Game of the Week: No. 17 Duke vs. No. 2 Syracuse

Story posted January 30, 2014 in CommRadio, Sports by Mike Gilbert

ESPN’s College Gameday will be heading to central New York, this Saturday for the first ever ACC showdown between the Syracuse Orange and the Duke Blue Devils.  The two legendary college basketball programs have not faced each other since the 1998 NCAA Tournament, when Coach Mike Krzyzewski’s Blue Devils defeated Coach Jim Boeheim’s Orange in the Sweet Sixteen.

Syracuse is ranked second in the country in both the AP and USA Today polls.  This season is just the latest in a string of great years for Syracuse, including last year when the Orange made an improbable run past Indiana and Marquette to reach the Final Four.  With victories over Cal, Minnesota, Baylor, North Carolina, Indiana, Pittsburgh, and Villanova already this year, it would take a rather large collapse for the Orange to not receive a number one seed in the NCAA Tournament.   

This year’s team is relying on both veterans and fresh faces.  Senior C.J. Fair decided to return this season, after hearing mixed opinions of his draft stock.  It’s a great thing for the Orange, as he is again one of the best players in the country, and is a leader on the fairly young squad.  Fair, a natural lefty, has always been deadly on the drive to his left, but this season he has looked equally as comfortable going to the right. 

Most notably, however, is the emergence of freshman point guard Tyler Ennis.  The freshman has the poise of a senior, and it showed especially in the Maui Invitational.  Ennis remained calm under pressure and was able to hit clutch shots and free throws down the stretch to put away the pesky Cal Golden Bears and Minnesota Golden Gophers, en route to a championship in Maui.  Not only is he playing like a senior, but he is getting the entire team involved, averaging 5.5 assists per game.  Ennis has been receiving frequent recognition as one of the top freshmen in the country, which is especially notable this year with such talented freshman as Joel Embiid, Jabari Parker, Andrew Wiggins, and Julius Randle.
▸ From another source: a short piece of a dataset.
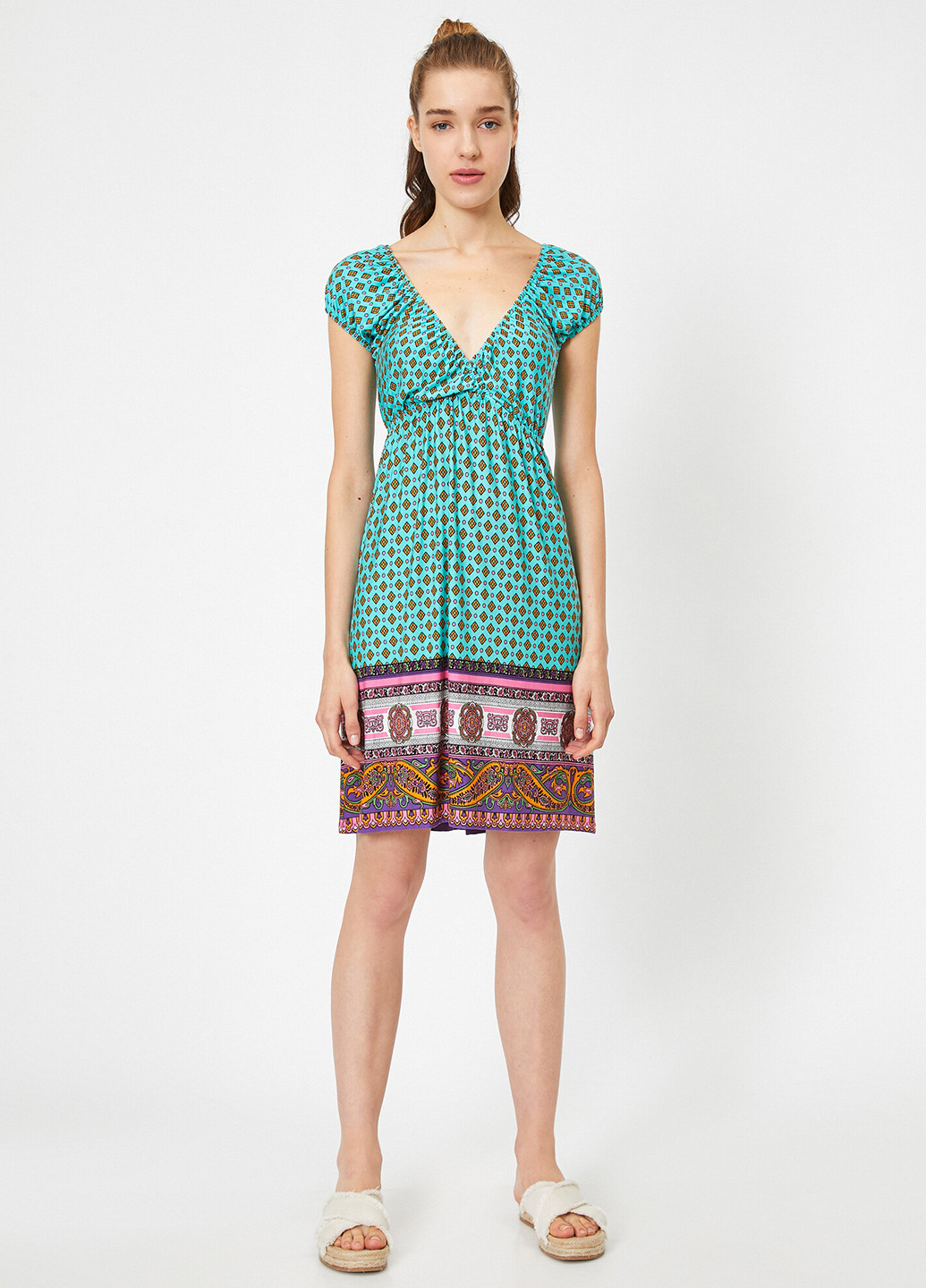 Бирюзовое кэжуал платье KOTON с геометрическим узором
Trevor Cooney’s play has been much better this season, as the starting two guard is averaging 13.5 points per game, and seems to have overcome his confidence issues from a year ago.  DaJuan Coleman went down for the year with a knee injury, but with Baye Moussa-Keita and Rakeem Christmas, they still can eat up space in the paint in Jim Boeheim’s patented 2-3 zone.  Throw in the smooth small forward Jerami Grant and Duke transfer Michael Gbinije, and there is length on defense and athleticism on offense.  Gbinije, Cooney, and Ennis are all shooting over 40% from deep, and again it is a team that is lethal when in transition.  Syracuse is the second best team in the country for a reason.
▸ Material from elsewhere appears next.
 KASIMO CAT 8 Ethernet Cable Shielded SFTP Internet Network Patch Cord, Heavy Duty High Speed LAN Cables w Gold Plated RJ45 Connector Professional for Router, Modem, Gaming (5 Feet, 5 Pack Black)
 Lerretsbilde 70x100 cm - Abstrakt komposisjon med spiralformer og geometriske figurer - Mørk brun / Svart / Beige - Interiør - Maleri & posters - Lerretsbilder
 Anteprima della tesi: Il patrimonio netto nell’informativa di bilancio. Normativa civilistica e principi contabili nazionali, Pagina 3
For Duke, they are having a “down” season compared to expectations in Durham, but they are still a talented team that can legitimately play into the second weekend on the NCAA Tournament.  The losses thus far were against Arizona, Kansas, Notre Dame, and Clemson, and they recently went into the Petersen Events Center and beat Pitt convincingly. 

The Blue Devils are smaller than in years past, with freshman do-it-all player Jabari Parker leading the team in boards with 8.1 per game.  Amile Jefferson is also doing a nice job on the boards, and Quinn Cook and Rodney Hood are averaging double-digit point totals, like Parker.  Parker was benched against Notre Dame, but is playing like a lottery pick now.  They also shoot well from behind the arc, which is hugely important to stretch Syracuse’s zone. 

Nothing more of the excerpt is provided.